**ACTIVITY**
The lines to extract begin at the line that contains "New Ridge Home" and run through the last line of the listing; reproduce them exactly, minus any pictures.

**DATA**
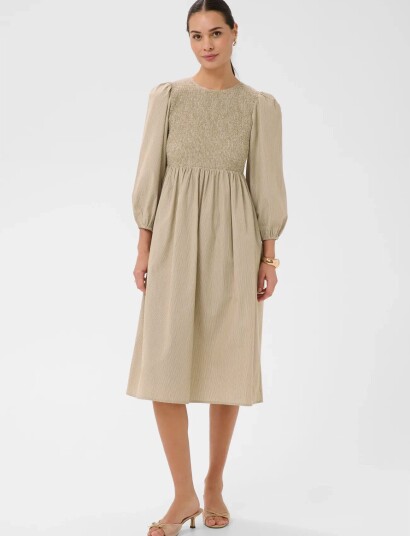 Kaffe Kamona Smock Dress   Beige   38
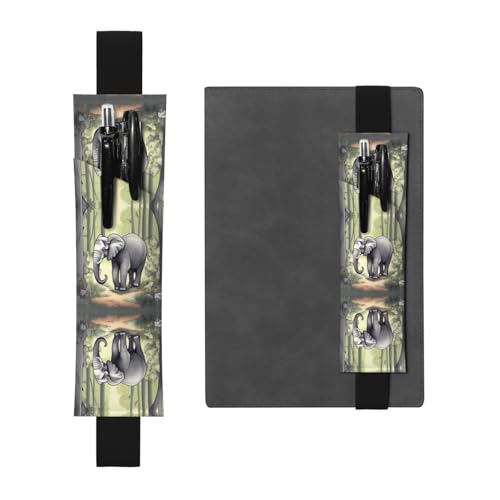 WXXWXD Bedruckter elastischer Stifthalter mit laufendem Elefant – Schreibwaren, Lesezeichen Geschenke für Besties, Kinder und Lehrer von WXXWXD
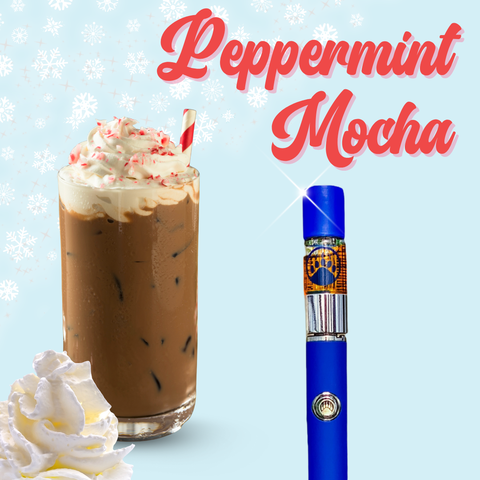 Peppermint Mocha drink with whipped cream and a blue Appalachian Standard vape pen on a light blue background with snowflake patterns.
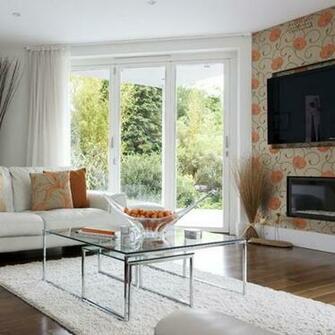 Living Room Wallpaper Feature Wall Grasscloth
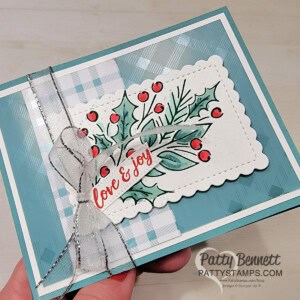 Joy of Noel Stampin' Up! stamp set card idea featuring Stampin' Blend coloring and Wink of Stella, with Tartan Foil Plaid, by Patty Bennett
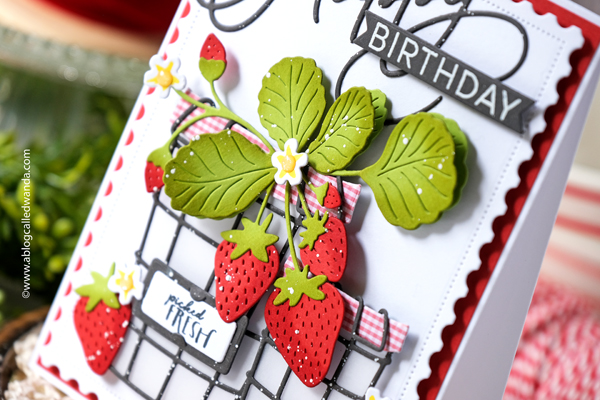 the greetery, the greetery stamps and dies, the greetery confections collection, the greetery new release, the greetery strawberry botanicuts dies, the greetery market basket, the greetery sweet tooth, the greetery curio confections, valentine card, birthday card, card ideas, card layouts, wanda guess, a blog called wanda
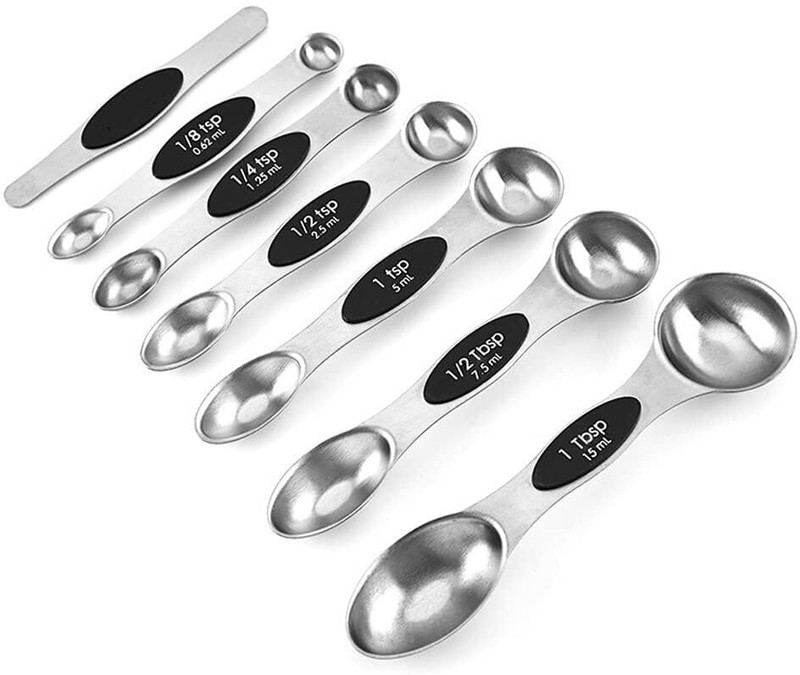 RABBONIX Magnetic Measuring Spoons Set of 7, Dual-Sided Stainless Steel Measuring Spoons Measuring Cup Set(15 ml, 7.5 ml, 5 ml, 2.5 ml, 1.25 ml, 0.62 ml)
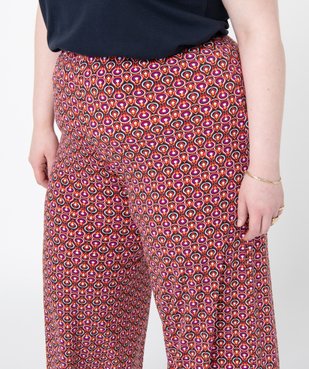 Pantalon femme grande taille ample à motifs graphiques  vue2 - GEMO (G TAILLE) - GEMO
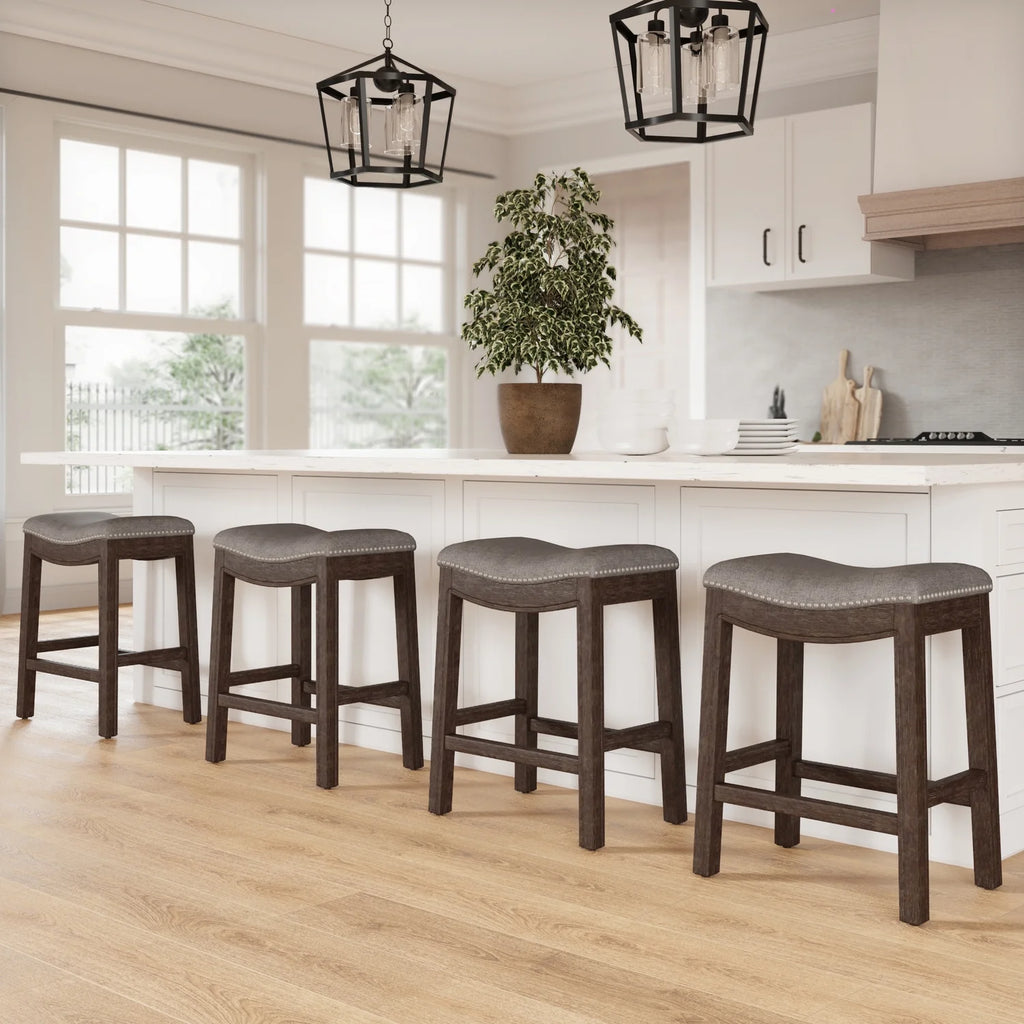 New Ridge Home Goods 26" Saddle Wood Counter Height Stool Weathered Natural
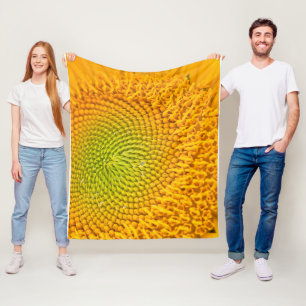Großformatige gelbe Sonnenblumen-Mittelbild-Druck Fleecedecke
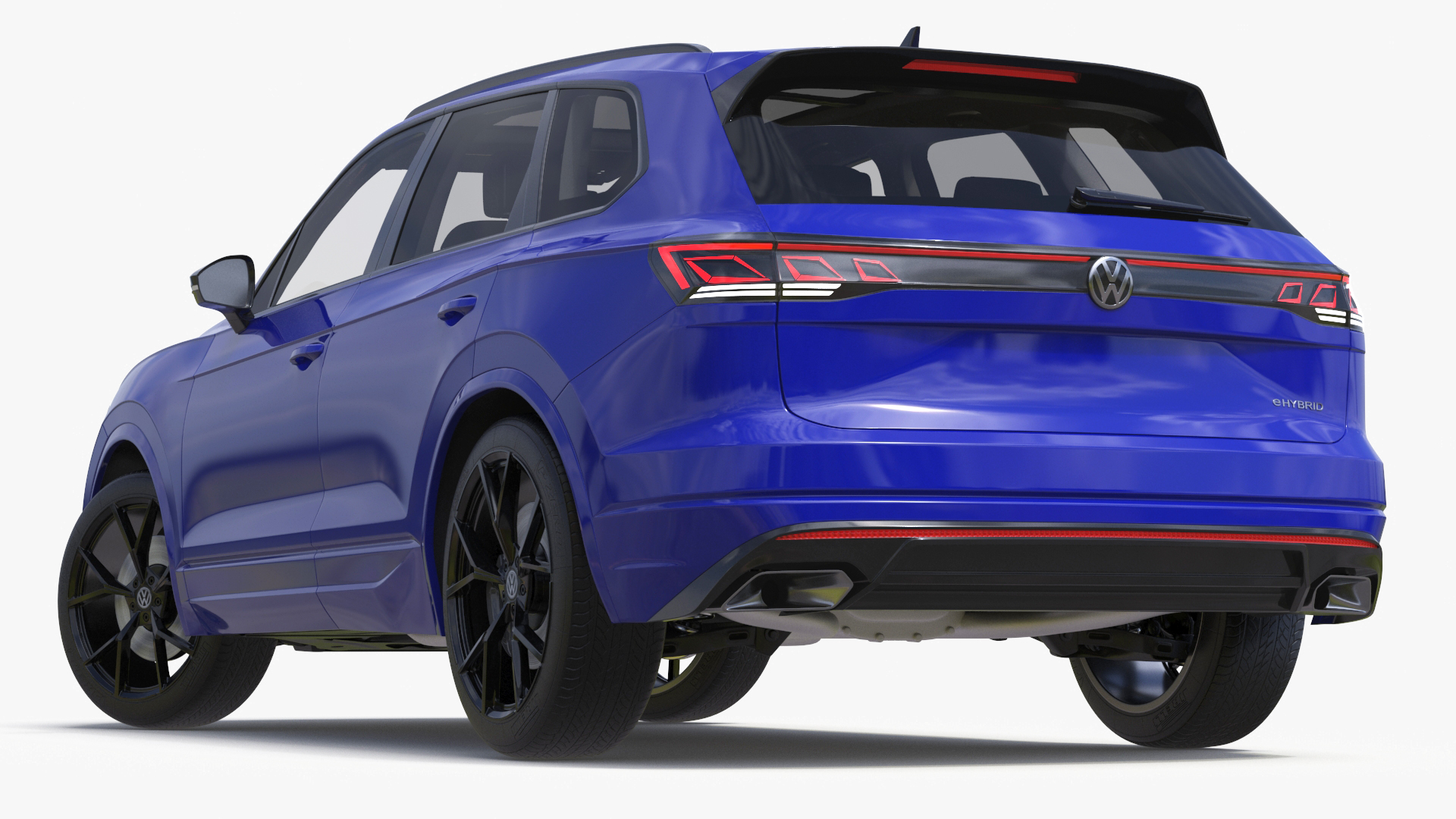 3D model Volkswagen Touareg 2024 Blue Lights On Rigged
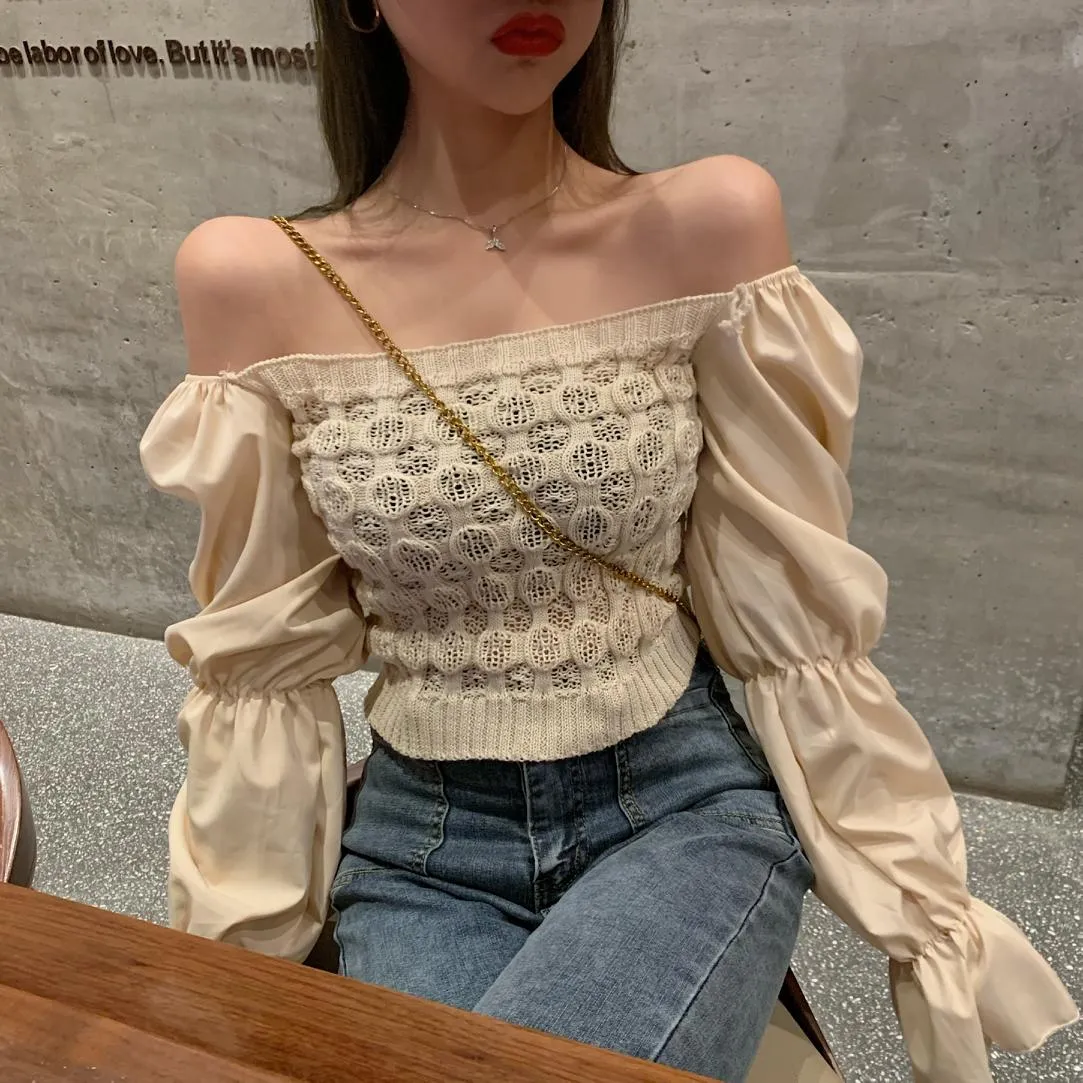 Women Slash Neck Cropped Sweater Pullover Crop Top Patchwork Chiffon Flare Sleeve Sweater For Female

**TASK RESPONSE**
 New Ridge Home Goods 26" Saddle Wood Counter Height Stool Weathered Natural
Großformatige gelbe Sonnenblumen-Mittelbild-Druck Fleecedecke
 3D model Volkswagen Touareg 2024 Blue Lights On Rigged
 Women Slash Neck Cropped Sweater Pullover Crop Top Patchwork Chiffon Flare Sleeve Sweater For Female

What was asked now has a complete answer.